Image 1 Caption: The formation of stellar spectra illustrated.

Features:

1. The stellar photosphere produces a continuous spectrum that approximates a blackbody spectrum.

   Recall, the photosphere is the layer of a star where the star becomes sufficiently transparent that photons can escape about half the time to infinity.

2. The stellar atmosphere (which is above the photosphere) is low density and is too weak to absorb or emit much of a continuous spectrum. However, spectral lines (i.e., both atomic spectral lines and molecular lines) change the continuous spectrum from the photosphere by absorption in narrow wavelength bands.

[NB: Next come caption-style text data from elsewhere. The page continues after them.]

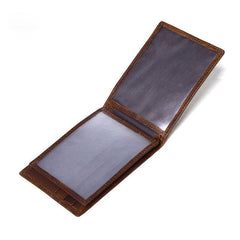 Vinatge Leather Small Mens License Wallet Bifold Card Wallet for Men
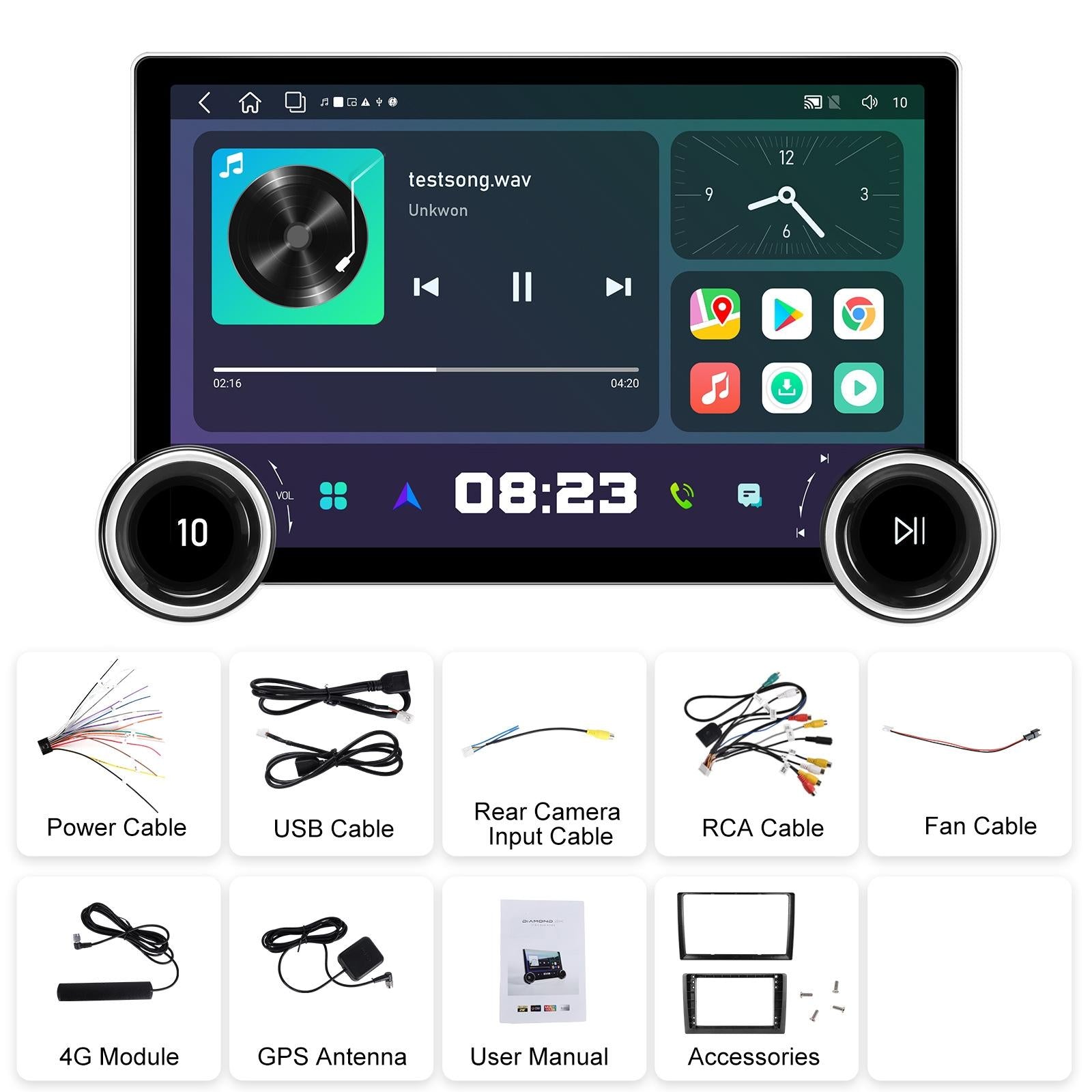 11.8 Inch Android Carplay Player - 4 + 64G - Dual Knob - Reversing Image 8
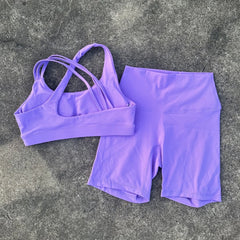 Solid Color Tight Gym Bike Yoga Set Short Legging Set Cross Back Shoulder Strap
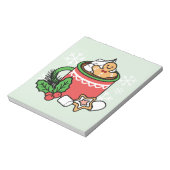 Mit Schneefall-Kakaoanrufen wärmen - Winter Drink Notizblock (Rotiert)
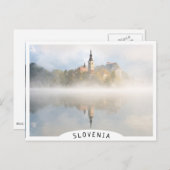 Foggy Sonnenaufgang am Bled-See Postkarte (Vorne/Hinten)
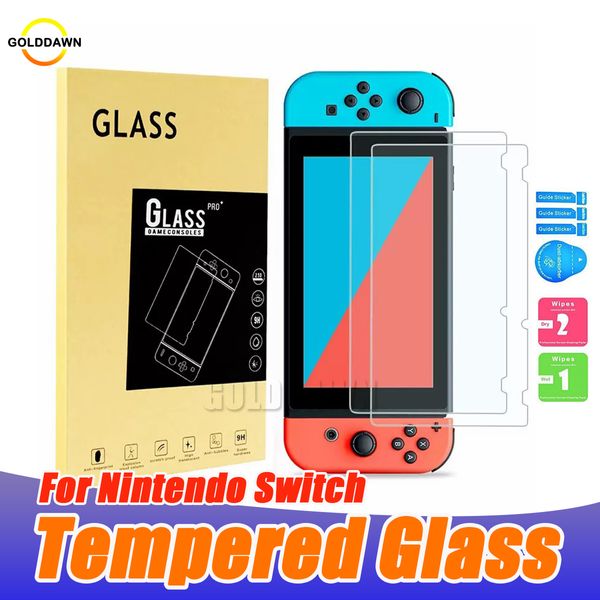 2.5D 9H Consolos consolos vidro temperado para Nintendo Switch Tela Protective Film Cober com pacote de varejo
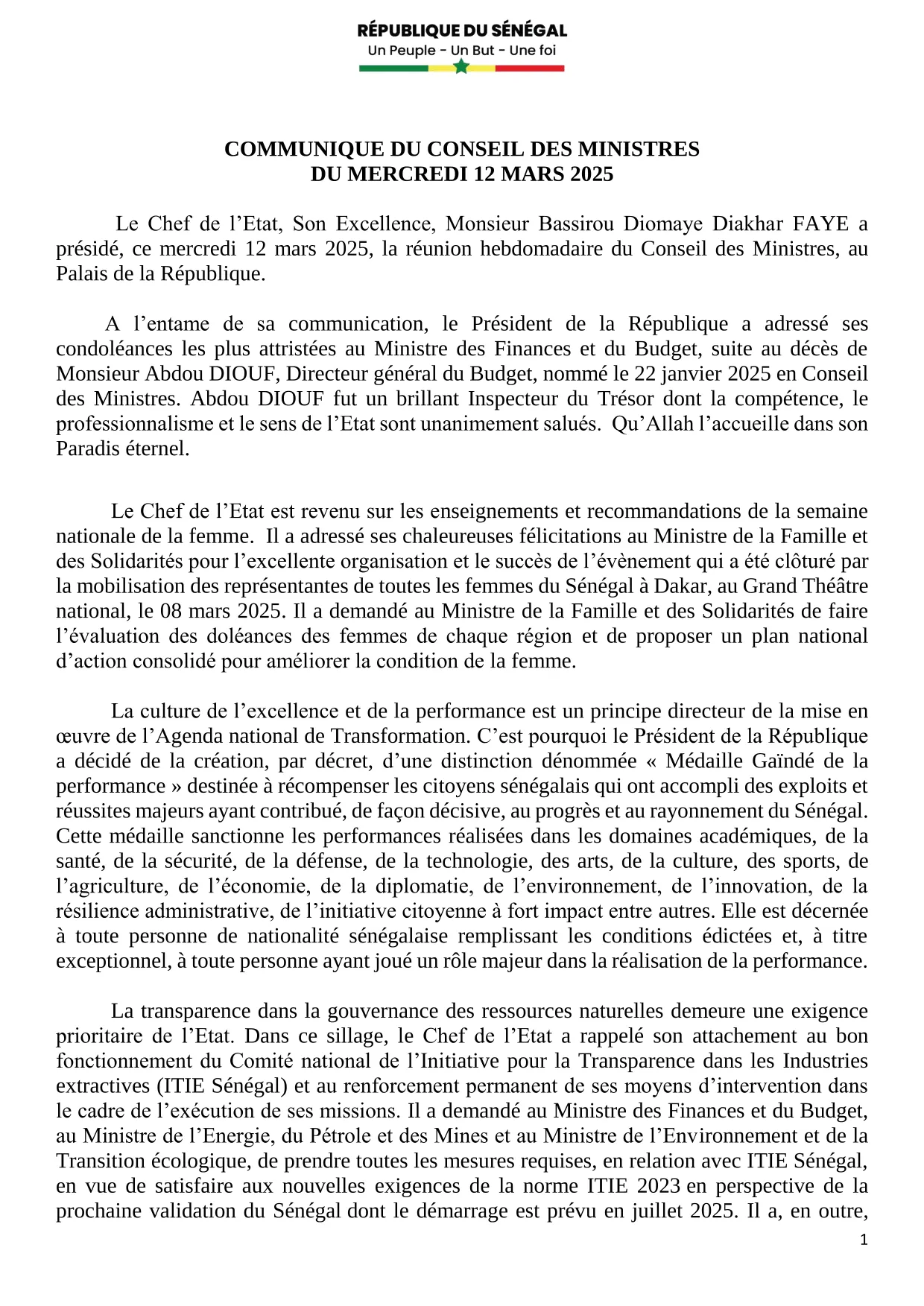 Conseil des ministres du 12 mars 2025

3. Why absorption? The part of stellar atmosphere immediately above the photosphere is usually colder than the photosphere. Recall heat energy spontaneously flows form hot to cold in obedience to the 2nd law of thermodynamics. Here, it flows from the relatively hot continuous spectrum into the relatively cold stellar atmosphere gas, but only through the channels that are sufficiently strong: i.e., the relatively strong spectral lines.

4. The energy absorbed in the stellar atmosphere gas is emitted in some other wavelength bands, usually in the infrared where it is NOT usually observable from ground-based astronomy.

   

5. Image 2 Caption: The spectral lines dig troughs in the continuous spectrum to create what are called absorption lines or just spectral lines in a second meaning of the term. The overall spectrum is called an absorption line spectrum.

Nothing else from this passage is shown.